**What is required:** Transcribe all the data below exactly, leaving its pictures out.

**Recorded data:**

..........

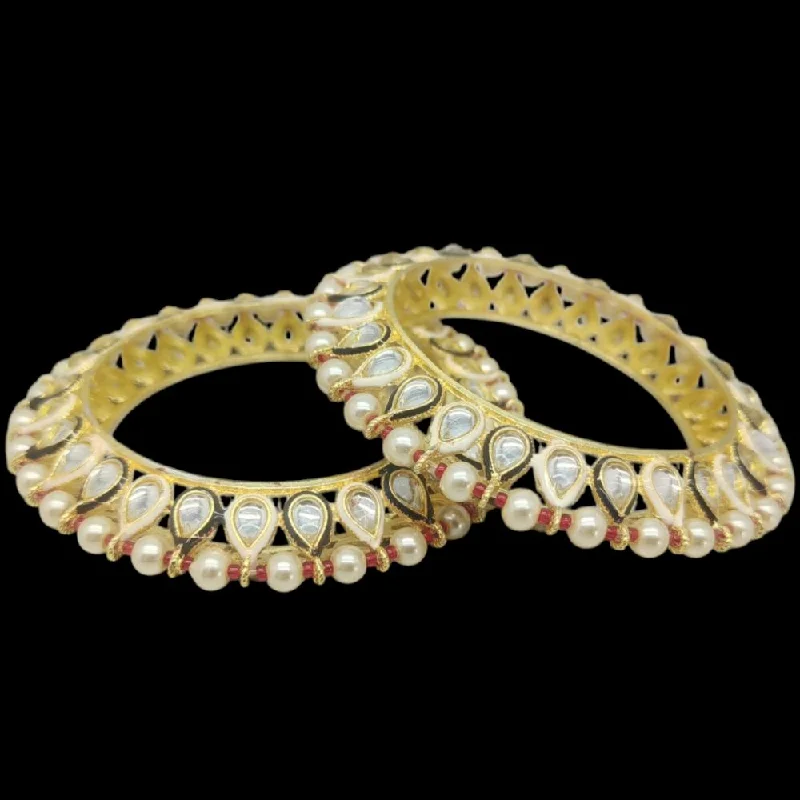 women's cuff bangles-Amity Arts Gold Plated Kundan Stone  Bangle  (2 Piece)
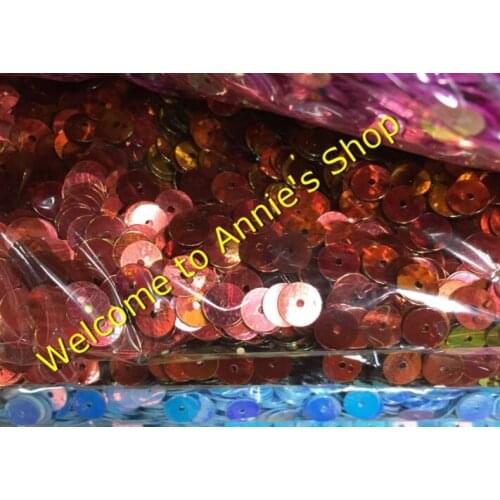 40g/lot 6mm Flat Round Sequins With Middle Hole For Craft Golden Plating Shining DIY Accessories Red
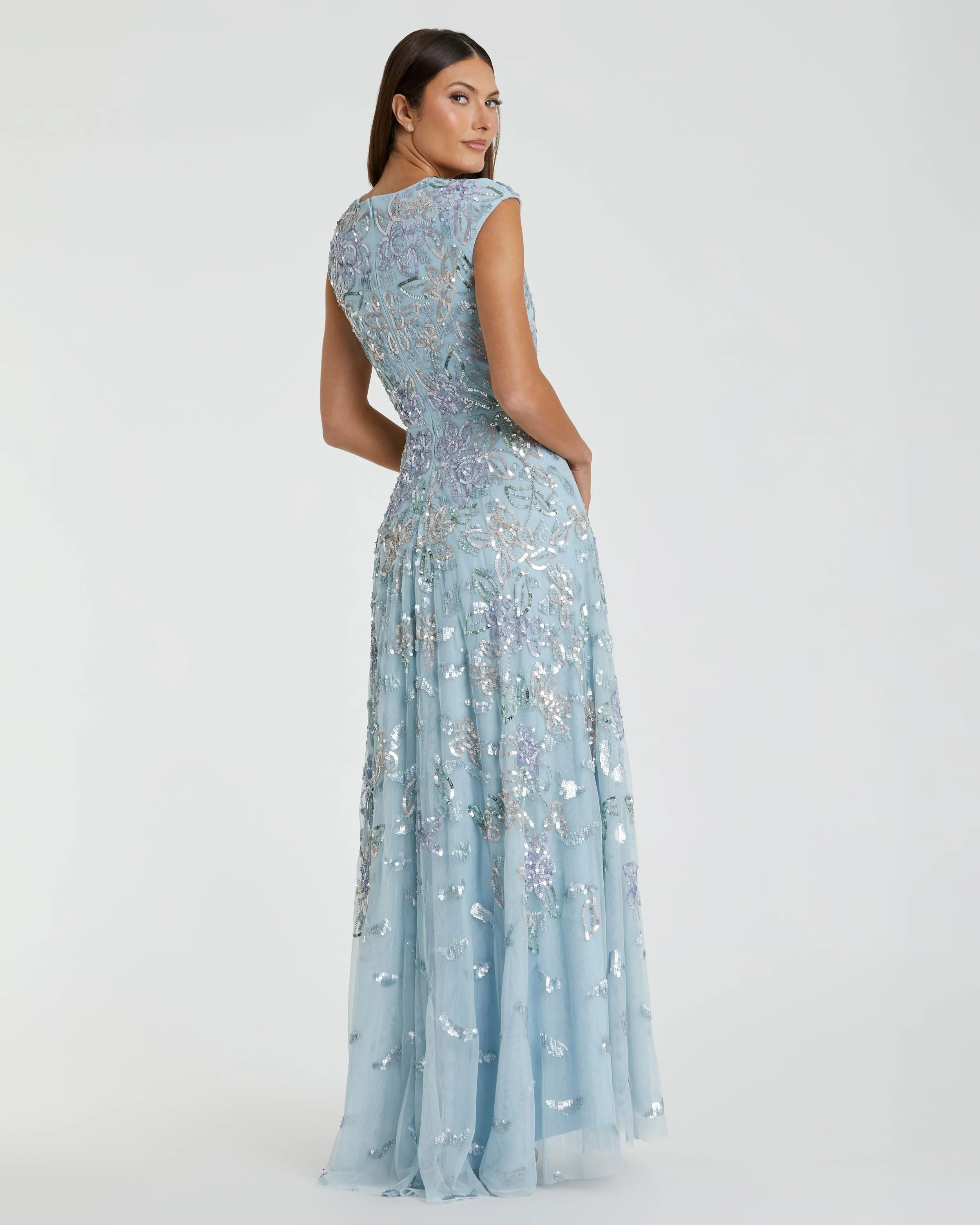 Blue Sequined High Neck Cap Sleeve A Line Gown - Image 3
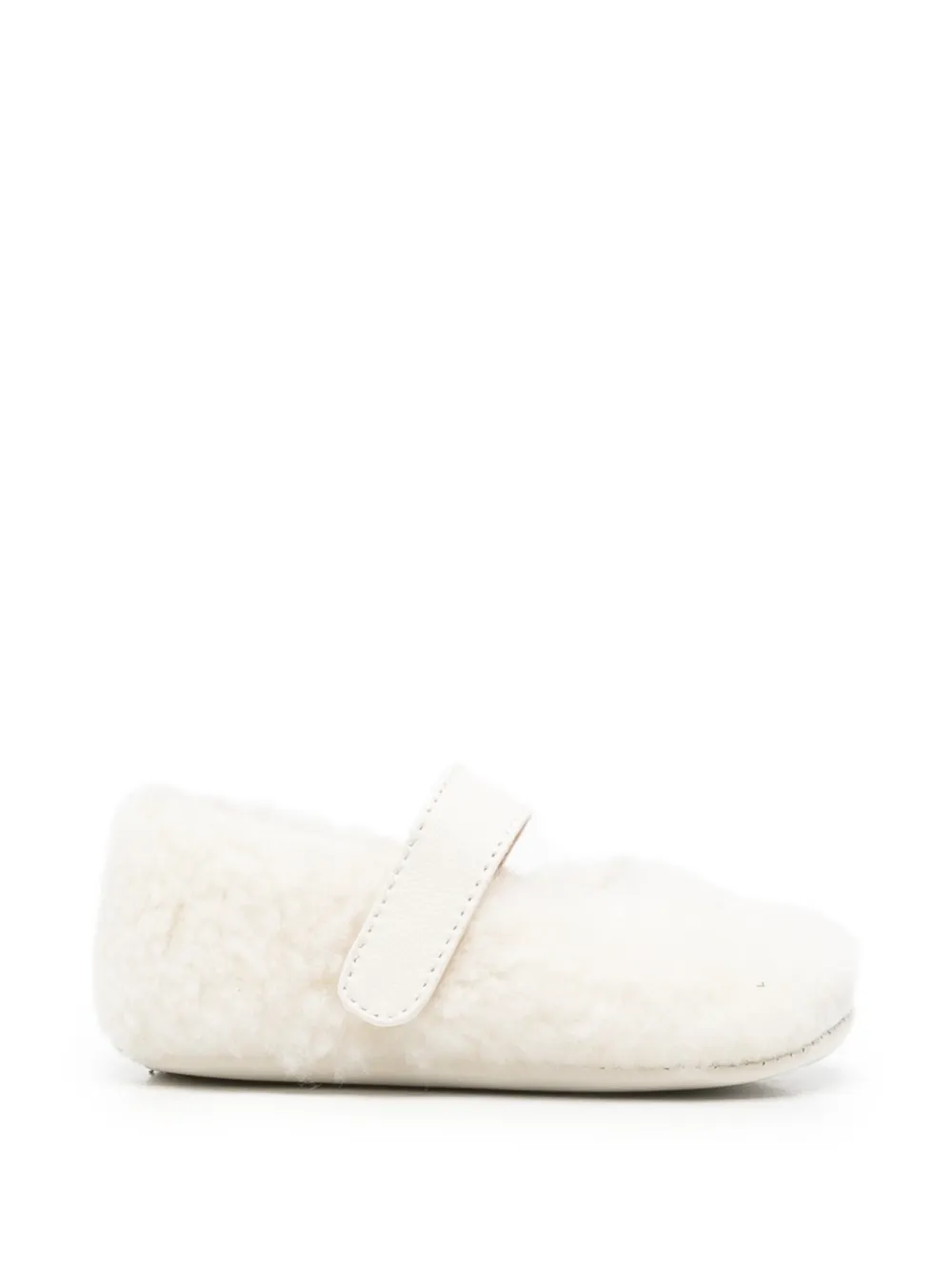 Elisabetta Franchi La Mia Bambina faux-fur logo-plaque ballet flats - Toni neutri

..........

**Answer for this exercise:**
 women's cuff bangles-Amity Arts Gold Plated Kundan Stone  Bangle  (2 Piece)
 40g/lot 6mm Flat Round Sequins With Middle Hole For Craft Golden Plating Shining DIY Accessories Red
 Blue Sequined High Neck Cap Sleeve A Line Gown - Image 3
 Elisabetta Franchi La Mia Bambina faux-fur logo-plaque ballet flats - Toni neutri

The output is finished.